What are we to make of the harsh master in Matthew 25:14-30, Carol Holbrook Prickett wonders?

Year A
Matthew 25:14-30

The first thing to stress about this parable is that it isn’t about money. 

It’s the second in a set of three parables, and while Jesus talks about money, this parable is no more about literal money than the one before is about literal oil or the one after about literal sheep and goats. The money here is a part of a larger metaphor.

The question then becomes what those talenta represent. Talenta were almost impossibly valuable — at least fifteen years’ worth of income for the average laborer. They would be worth somewhere between 2 and 6 million dollars today, depending on how you do the math. They could weigh around 75 pounds, meaning a single person might struggle to even pick one up. This is an obscene, ridiculous, hyperbolic amount of money. It’s shorthand for “the most valuable thing you can think of.” 

Jesus tells this parable just a few days before his arrest and crucifixion. Like the master in the parable, Jesus is getting ready to be absent from those who have served under him. I think it’s possible that the weighty, valuable talenta in this parable are a metaphor for  Jesus’ own ministry that the disciples will now have to manage on their own

In the parable, the master “entrusts” talenta with three servants, based on their ability to manage such riches. Two of the servants take to their commission enthusiastically, but the third stays frozen. It’s not that he embezzles or wastes the money. He simply buries that talenta in the ground, because he believes the master is harsh, and he’s afraid. 

And the master who returns is harsh, with a harshness I find hard to reconcile, especially if Jesus is connecting himself with the master who will be temporarily absent. But perhaps it’s a harshness I need to hear. 

I feel for this third servant. Even though I believe in a loving and gracious Savior, I still get scared and overwhelmed by the sheer magnitude of Christ’s call on my life. I still want to avoid risks and play it safe. Sometimes, though, not doing anything is just as bad as doing something, even imperfectly. Sometimes avoiding action is the sin we commit. 

German theologian Eberhard Bethge reflected on this sin after WWII, contrasting it with the life of German Lutheran pastor Dietrich Bonhoeffer, who was ultimately killed by the Nazis for speaking out against their regime. In his introduction to Bonhoeffer’s Life Together, John W. Doberstein quotes Bethge, writing: “The sin of respectable people reveals itself in flight from responsibility. [Bonhoeffer] saw that sin falling upon him and he took his stand.”

Bonhoeffer’s actions did not single-handedly bring down the Third Reich, but they did serve as a beacon to encourage others to work faithfully towards the same cause, despite the dangers.

…the joy of God is not in the profit, the result, or the magnitude of our Christian living. God’s joy is simply that we try.

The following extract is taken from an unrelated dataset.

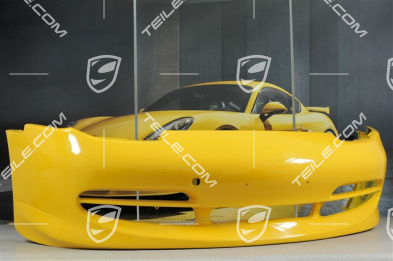 Stoßstange GT3 / AeroKit CUP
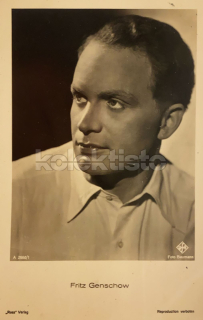 100 Kč GEN Pohlednice FILM STARS, GEN135981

Our instinct to bury Christ’s call for our lives – that instinct towards inaction and a flight from responsibility – is itself evil. It is not an evil that Christ cannot redeem, but it is one that must be faced if we are serious about our Christianity. If Jesus is the master in this story, then I am astonished that, at the beginning, he does trust all three servants with those extraordinarily valuable talentas, even though he knows their abilities differ. Given that the master praises the first two servants equally, even though one produced a much higher return on investment than the other, I must conclude that the joy of God is not in the profit, the result, or the magnitude of our Christian living.

God’s joy is simply that we try. God’s joy is that we put our faith into action, however uncertainly, to move the world closer to the kingdom of God. 

Questions for reflection

  1. What is the most valuable thing God has given you? Your congregation?
  2. Why do you think we are so prone to doing nothing in situations of injustice or gracelessness?
  3. What is one area in which you see your congregation putting their faith into action?